Bitcoin in the critical zone: how $84,000 became the bears' last line of defense?

The situation is tense. Bitcoin dropped to a low of $80,000 last week, but somehow managed to bounce back in the $84,000 zone and finished the week at $86,850. Now, with the price stabilizing at $90.66K, the question arises — is this the start of a rebound or a final exhale before a fall?

What is driving the market now?

Street sell-offs have become so intense that the daily RSI has fallen into an extreme oversold zone. The bulls seem to be out of sync. But here’s an interesting point: after such a crash, oversold conditions usually indicate an approaching mechanical rebound. Analysts expect that at least Monday will be a recovery day — the market simply cannot fall without a breather.

Considering the scale of the sell-off at the end of last week, experts hope that short covering will not be so aggressive. However, this does not guarantee that all dangers are behind.

Transitional levels: from defense to attack

The battle for $84,000 has already taken place, and the bulls won it, but this is a short victory.
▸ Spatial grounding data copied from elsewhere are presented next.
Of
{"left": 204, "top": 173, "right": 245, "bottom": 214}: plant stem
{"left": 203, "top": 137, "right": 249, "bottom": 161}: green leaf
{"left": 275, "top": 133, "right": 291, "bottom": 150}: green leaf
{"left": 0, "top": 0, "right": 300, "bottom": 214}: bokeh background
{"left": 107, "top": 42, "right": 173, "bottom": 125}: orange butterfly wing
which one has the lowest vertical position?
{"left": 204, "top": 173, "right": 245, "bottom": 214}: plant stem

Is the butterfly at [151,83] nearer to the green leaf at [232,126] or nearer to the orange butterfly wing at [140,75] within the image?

More importantly, what will happen next:

If defending $84,000: The price should target resistance at $91,400 (Fibonacci level 0.236). Breaking through this level will be preceded by a significant struggle, as a more serious obstacle is located higher — a high-volume node around $94,000, which analysts consider the most likely target this week.

If the price breaks through $94,000, the next targets are $98,000, then $103,000 (Fibonacci 0.618), and finally $109,000 before the final assault on new highs at $116,500.
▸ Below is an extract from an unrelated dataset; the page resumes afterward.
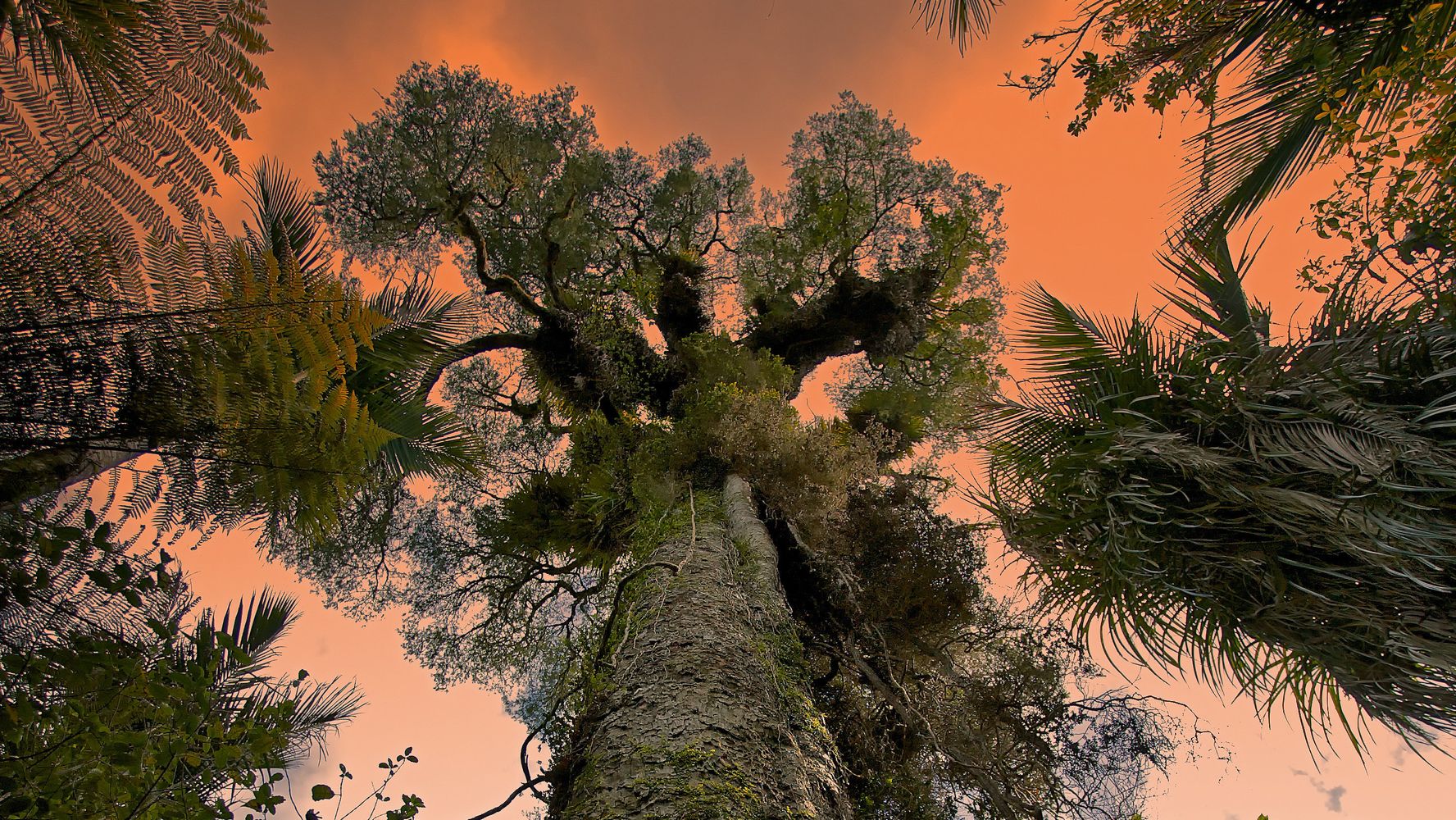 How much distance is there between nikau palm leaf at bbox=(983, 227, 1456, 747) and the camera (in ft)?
6.96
If $84,000 falls: This would be a bitter development for the bulls. The first line of overbought defense is at $75,000, but it will not be solid. Real support awaits at $70,000 (exactly where the expanding wedge charts close the door to further decline). Below — darkness: zone $69,000–$72,000 (high trading volume), followed by a free fall to key levels of $58,000 and the 0.618 Fibonacci level at $57,700.

Why is $70,000 the point of no return?

A few weeks ago, Bitcoin’s charts formed an expanding wedge pattern, where the upper trend line is resistance, the lower is support, diverging. This figure only reverses in one direction: down. Last week, it finally broke through, and the target of the decline is approximately $70,000. Even if this week turns into a slaughterhouse for short positions, investors still expect testing of this zone in the coming weeks.

Macro uncertainty

The US government has returned to work, but this has not helped calm the market. Over the next few weeks, economic data will arrive chaotically due to delays caused by the shutdown. The Federal Reserve balances between fighting inflation and stabilizing the labor market — no one knows exactly what decision it will make at the next meeting.
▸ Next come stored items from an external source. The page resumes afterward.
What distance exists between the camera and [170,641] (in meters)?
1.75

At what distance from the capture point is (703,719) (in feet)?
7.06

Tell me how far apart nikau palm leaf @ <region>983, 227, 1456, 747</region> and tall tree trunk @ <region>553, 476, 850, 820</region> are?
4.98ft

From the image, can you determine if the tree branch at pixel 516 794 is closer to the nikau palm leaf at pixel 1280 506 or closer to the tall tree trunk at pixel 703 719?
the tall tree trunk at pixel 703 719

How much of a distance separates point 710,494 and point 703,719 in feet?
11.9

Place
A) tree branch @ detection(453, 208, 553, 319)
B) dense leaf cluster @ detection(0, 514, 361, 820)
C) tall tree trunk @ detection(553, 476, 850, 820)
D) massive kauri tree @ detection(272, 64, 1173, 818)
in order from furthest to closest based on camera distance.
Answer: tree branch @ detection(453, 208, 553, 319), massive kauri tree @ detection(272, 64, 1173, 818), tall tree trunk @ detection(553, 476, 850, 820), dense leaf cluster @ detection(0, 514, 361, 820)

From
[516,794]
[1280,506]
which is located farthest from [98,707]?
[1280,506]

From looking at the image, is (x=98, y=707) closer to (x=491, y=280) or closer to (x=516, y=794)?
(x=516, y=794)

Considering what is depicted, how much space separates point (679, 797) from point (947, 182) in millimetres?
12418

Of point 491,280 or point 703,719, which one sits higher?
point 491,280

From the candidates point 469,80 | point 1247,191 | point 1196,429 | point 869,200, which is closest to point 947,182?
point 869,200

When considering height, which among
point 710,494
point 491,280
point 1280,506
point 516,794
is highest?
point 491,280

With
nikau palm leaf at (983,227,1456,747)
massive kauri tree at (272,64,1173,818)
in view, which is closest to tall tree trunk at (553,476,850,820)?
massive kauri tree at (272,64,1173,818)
Conclusion: a lament on the cliff

Market sentiment has flipped 180 degrees. The bulls are subdued, hope for a significant rebound is fading. However, this is precisely the moment when the market often triggers a cascade of unforeseen moves. As long as the price stays above $84,000, a scenario where a rebound to $94,000 is still possible this week remains. But if this level falls — prepare for testing $70,000.